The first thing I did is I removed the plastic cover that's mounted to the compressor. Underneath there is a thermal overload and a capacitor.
* * *
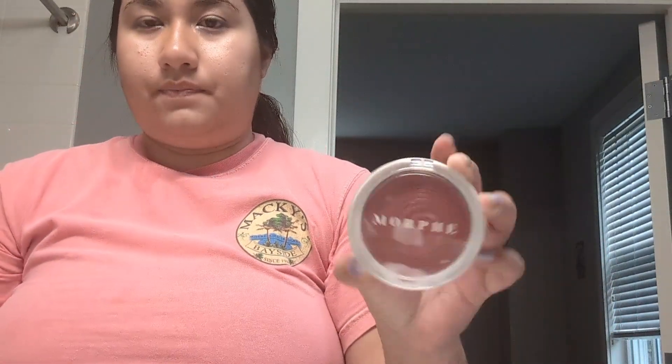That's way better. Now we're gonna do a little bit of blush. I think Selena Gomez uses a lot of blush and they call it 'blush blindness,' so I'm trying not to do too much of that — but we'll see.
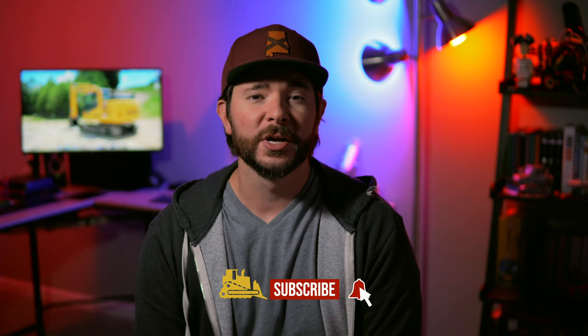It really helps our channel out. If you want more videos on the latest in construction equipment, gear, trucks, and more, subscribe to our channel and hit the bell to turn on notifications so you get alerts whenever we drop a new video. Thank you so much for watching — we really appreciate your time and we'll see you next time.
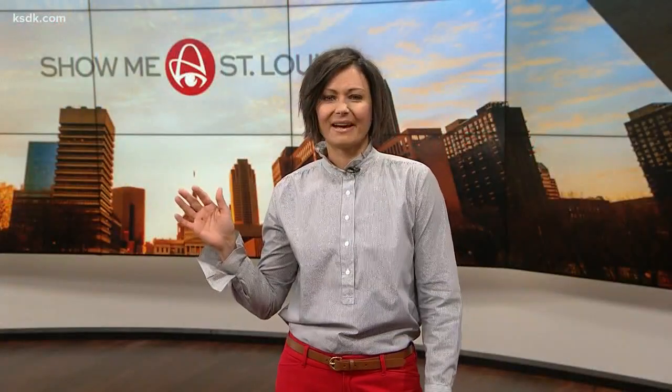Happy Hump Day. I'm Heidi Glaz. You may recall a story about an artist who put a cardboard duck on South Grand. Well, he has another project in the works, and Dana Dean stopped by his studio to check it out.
---
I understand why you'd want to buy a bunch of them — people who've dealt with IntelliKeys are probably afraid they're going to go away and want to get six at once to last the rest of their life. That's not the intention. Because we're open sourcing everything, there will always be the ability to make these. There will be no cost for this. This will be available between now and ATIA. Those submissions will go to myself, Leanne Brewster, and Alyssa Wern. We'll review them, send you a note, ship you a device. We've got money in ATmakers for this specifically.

### Description of the task
Transcribe the lines above exactly, beginning at the one with "That's way better." and ending at the one with "Happy Hump Day.". Include both; exclude the pictures.

### Task result
That's way better. Now we're gonna do a little bit of blush. I think Selena Gomez uses a lot of blush and they call it 'blush blindness,' so I'm trying not to do too much of that — but we'll see.
It really helps our channel out. If you want more videos on the latest in construction equipment, gear, trucks, and more, subscribe to our channel and hit the bell to turn on notifications so you get alerts whenever we drop a new video. Thank you so much for watching — we really appreciate your time and we'll see you next time.
Happy Hump Day. I'm Heidi Glaz. You may recall a story about an artist who put a cardboard duck on South Grand. Well, he has another project in the works, and Dana Dean stopped by his studio to check it out.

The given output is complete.